Take the job-search arena. In the old days, it took a little time and energy to apply for a position. You had to write a letter, get an envelope, and find a stamp. That small expenditure of effort might not have taxed any of us too much, but compare it to the typical present process of applying for a job online. If you've already got your résumé written, you often only need to fill in a few personal-contact information fields, upload your résumé, and hit submit. What could be simpler?
As the effort involved in pursuing a job opportunity decreases, the burden on everyone in the process increases. Human resources people and recruiters have far more résumés to wade through since the onset of online job searching than they did before. And extremely well-qualified candidates can find themselves in a pool with marginally—at best—qualified ones, as well as ones that may have just applied on a lark. Technology has made the process easier on the front end, and more difficult on the back end.
When quality and volume-of-responses problems began to emerge a few years ago, many employers moved to keyword-based résumé screening as an antidote; and you won't be surprised to learn that canny job-seekers found ways to add suitable keywords (relevant to their backgrounds or not) to their résumés to outfox the filters.
We have all tacitly agreed to the résumé-plus-cover letter standard for our basic job application. The problem with this is that the résumé has usually been written long before the candidate has applied for the particular job opening. So the résumé is a boilerplate document that does not answer the question: Will this candidate succeed in this company?

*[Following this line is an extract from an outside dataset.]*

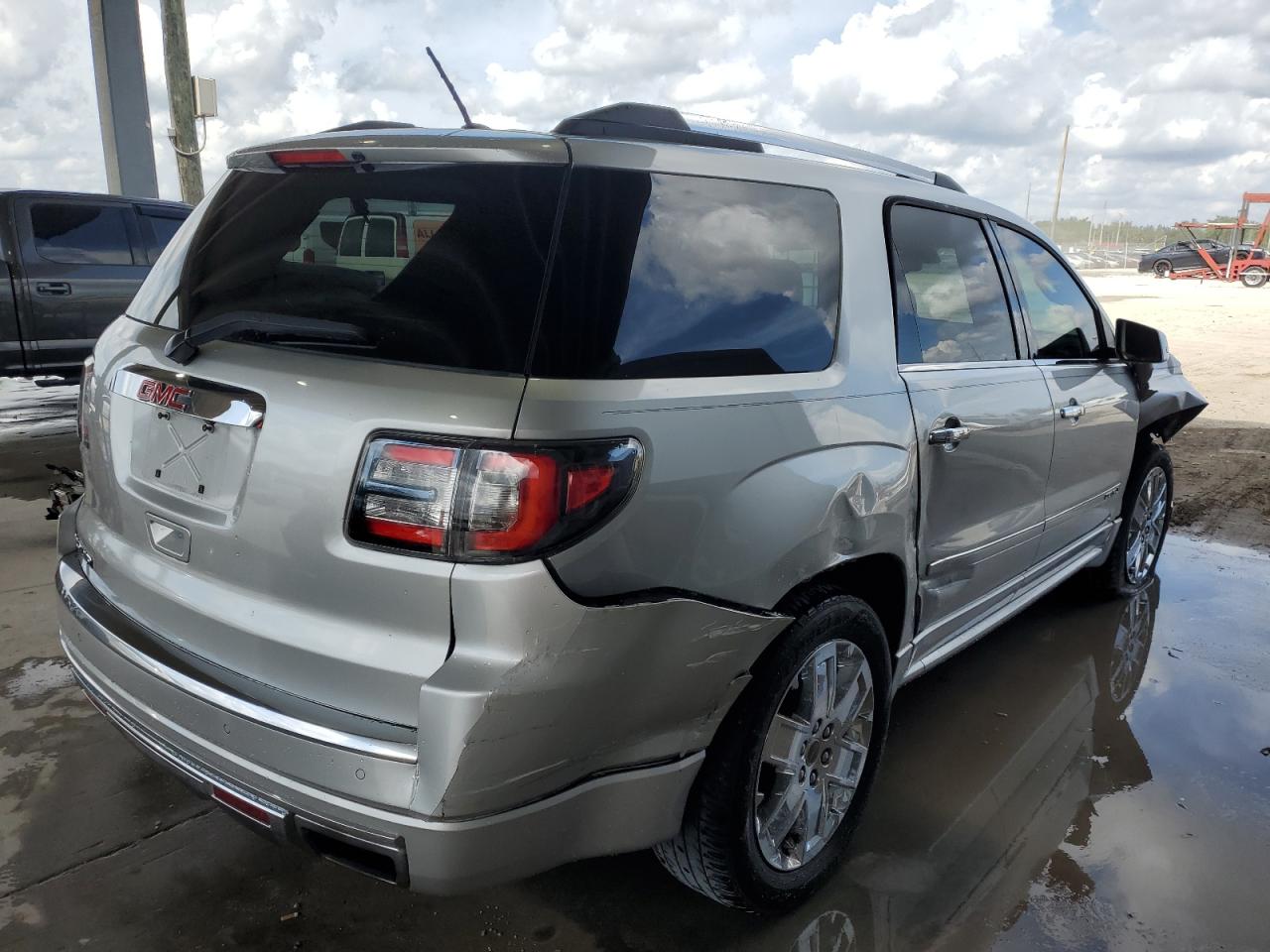 2014 GMC Acadia VIN 1GKKRTKD1EJ211570 Copart auction photo, front end / all over damage thumbnail 3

What if employers shifted the game by asking for something different—something that would make it much easier for them to separate the hirable wheat from the no-thank-you chaff?
As recruiters complain about being deluged with résumés, and job-seekers complain about getting lost among hordes of other job-seekers, I'd like to offer a suggestion. Let's add another step to the application process—something a technical person would call a logical gate. A gate is a go/no-go point in a process. Here, a logical gate can help a hiring manager quickly divide the incoming applicant flow into "yes" and "no" piles—much more quickly, in fact, than reviewing résumés can.

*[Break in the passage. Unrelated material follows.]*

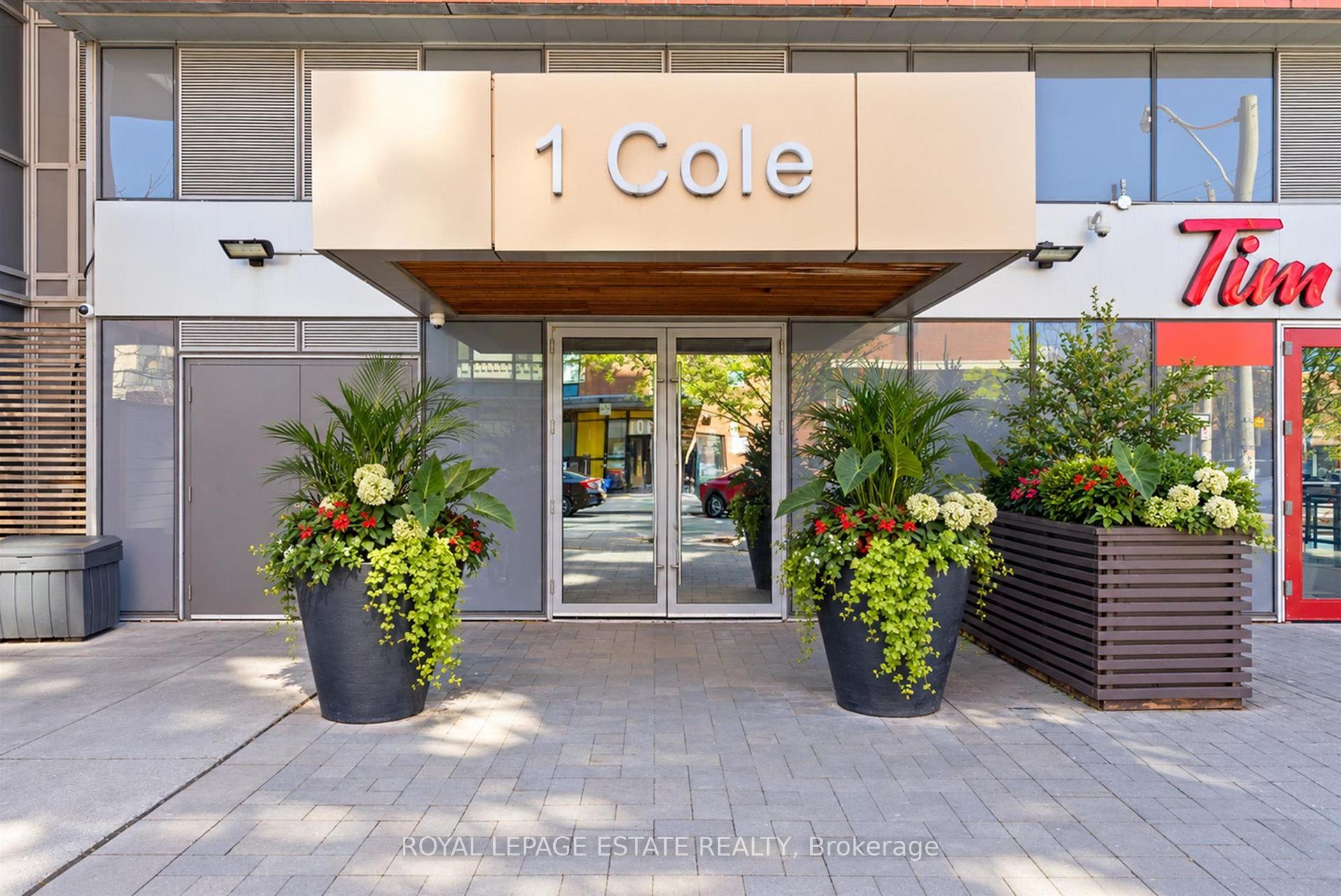 1 Cole Street 504, Toronto, On M5a 4m2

The gate is a simple request that asks a candidate to do something he or she may not be accustomed to doing. If the gate is well chosen, it will show which candidates are most suitable for an interview. A good gate will help the job-seeker, too—rather than having his résumé lost among hundreds of others, he'll have a chance to show his qualifications right off the bat, and differentiate himself from less able or less motivated candidates.
Here is an example. I was hiring an editor, and so I included this instruction in the job ad: "If you are interested in this job, please write to me at this e-mail address with your comments on the most recent edition of our newsletter." (I included the URL for the newsletter, of course.) That is a simple enough gate. Curious to know what percentage of candidates followed the instruction? Ten percent. The rest probably never saw the instruction at all, "buried" as it was in a 100-word job posting. They just spotted the job ad, read maybe the first line, and shot off a résumée. That's fine.